- [Work instruction]:
The records that follow are to be repeated exactly, with no pictures carried over.

- [Supplied data]:
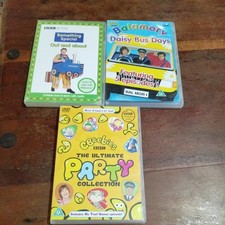 Cbeebies Compilation - The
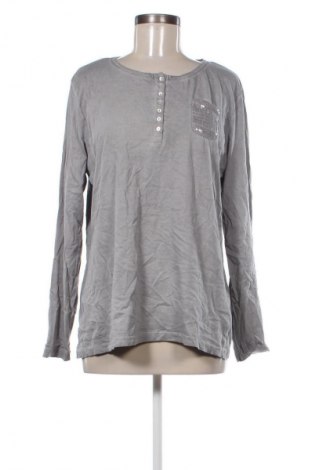 Dámská halenka Charles Vogele, Velikost L, Barva Šedá, Cena  523,00 Kč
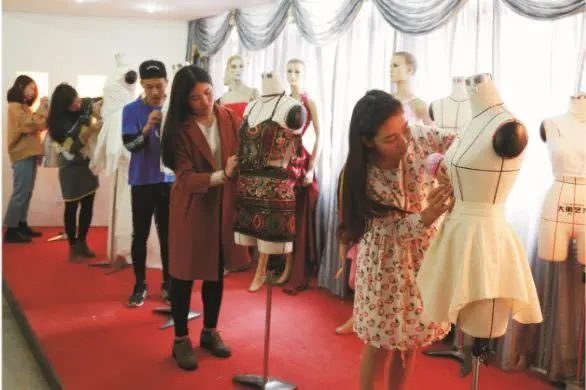 广东省华立技师学院2020年招生资讯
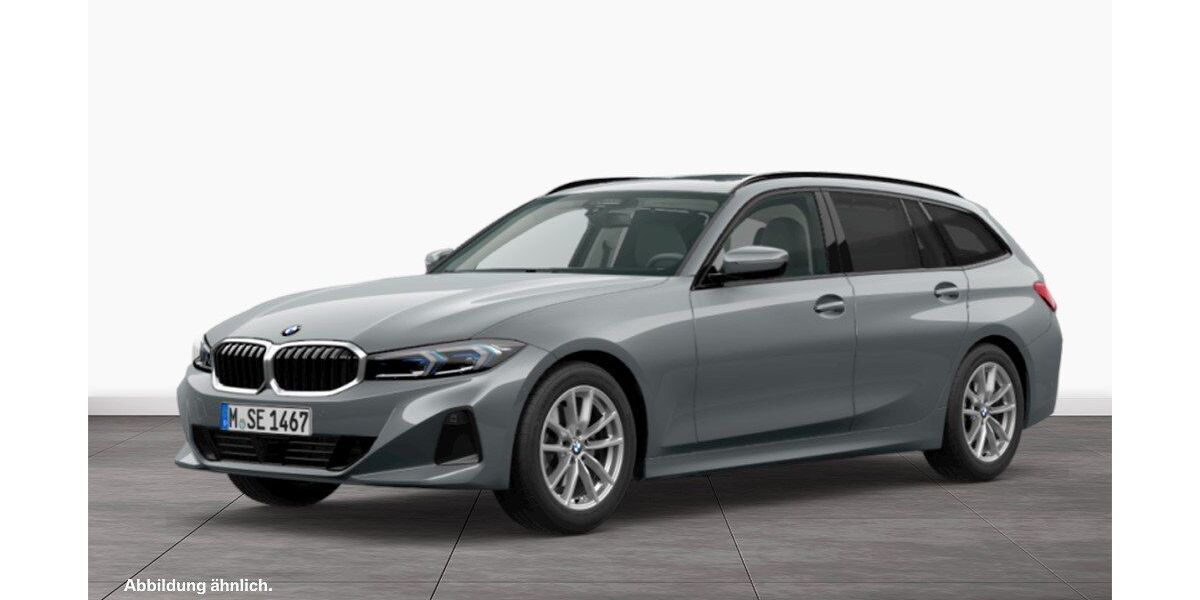 BMW 318 19.137 km 39.490 &euro; Dreieich-Sprendlingen 63303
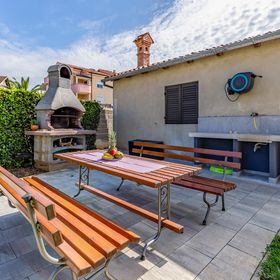 Apartman Medulin - CIM599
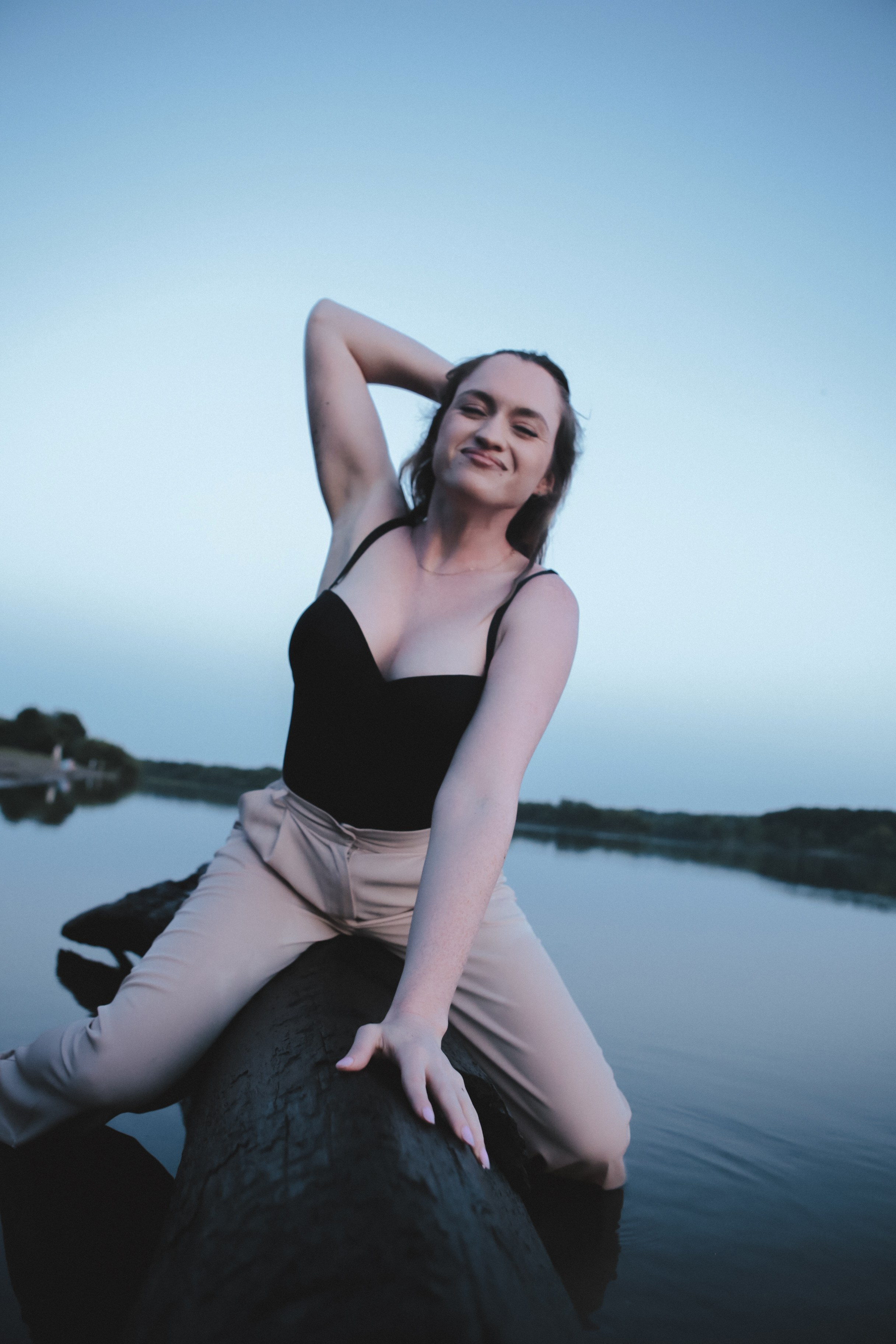 Настя. Фотограф Лесозаводск/Хабаровск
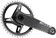 SRAM Force 1x XPLR Wide Crankset - 172.5mm, 12/13-Speed, 42t, 8-Bolt Direct Mount, DUB Spindle, Carbon, E1
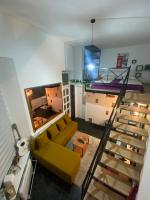 Apartment NICI - Chambres d’hôtes Sarajevo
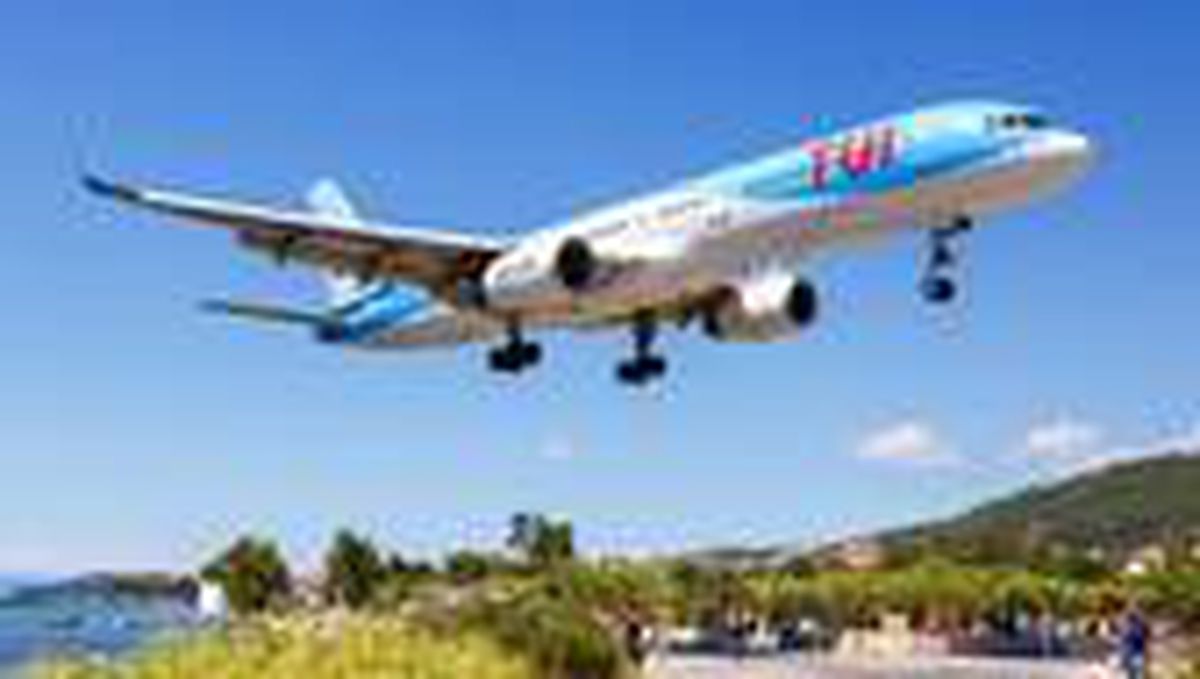 TUI Türkiye operasyonlarına başlıyor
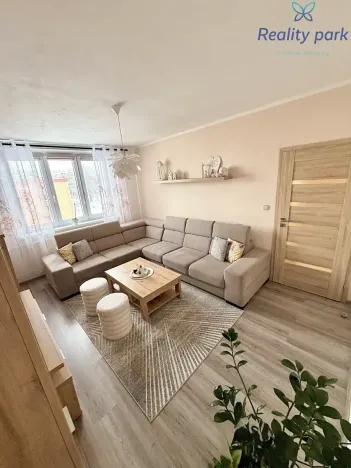 Prodej bytu 3+1, Bruntál, Dolní, 60 m2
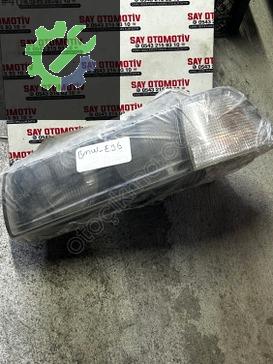 BMW E36 SOL FAR SİNYAL ORJ ÇIKMA FAR AYAR MOTORU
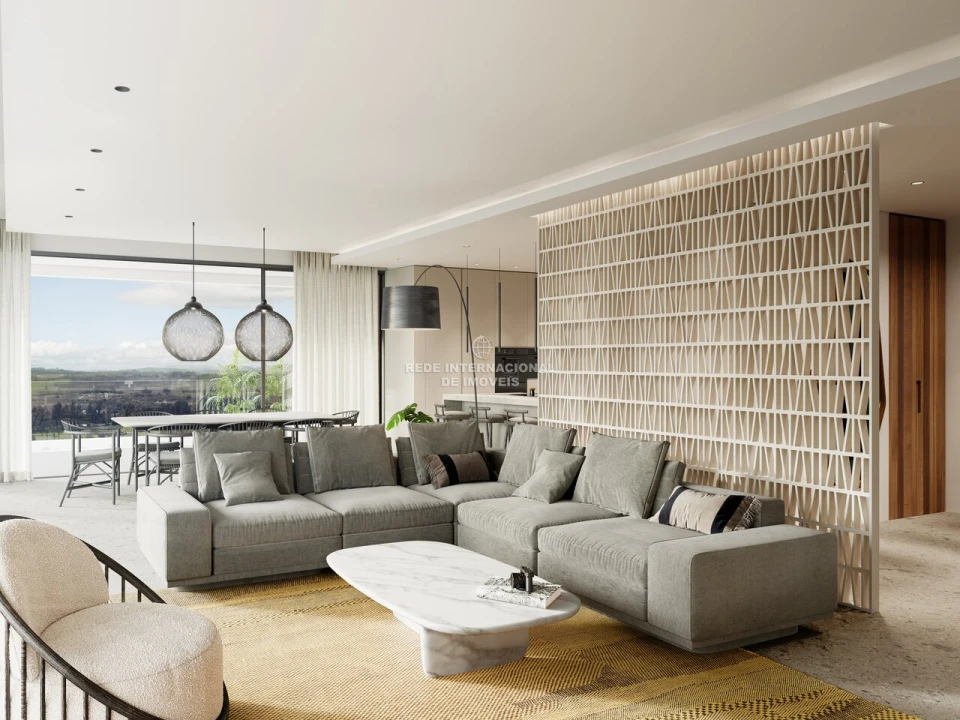 Apartamento T3 para Venda em Quarteira Foto 20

- [Result of the exercise]:
 Cbeebies Compilation - The
 Dámská halenka Charles Vogele, Velikost L, Barva Šedá, Cena  523,00 Kč
 广东省华立技师学院2020年招生资讯
 BMW 318 19.137 km 39.490 &euro; Dreieich-Sprendlingen 63303
 Apartman Medulin - CIM599
 Настя. Фотограф Лесозаводск/Хабаровск
 SRAM Force 1x XPLR Wide Crankset - 172.5mm, 12/13-Speed, 42t, 8-Bolt Direct Mount, DUB Spindle, Carbon, E1
 Apartment NICI - Chambres d’hôtes Sarajevo
 TUI Türkiye operasyonlarına başlıyor
 Prodej bytu 3+1, Bruntál, Dolní, 60 m2
 BMW E36 SOL FAR SİNYAL ORJ ÇIKMA FAR AYAR MOTORU
 Apartamento T3 para Venda em Quarteira Foto 20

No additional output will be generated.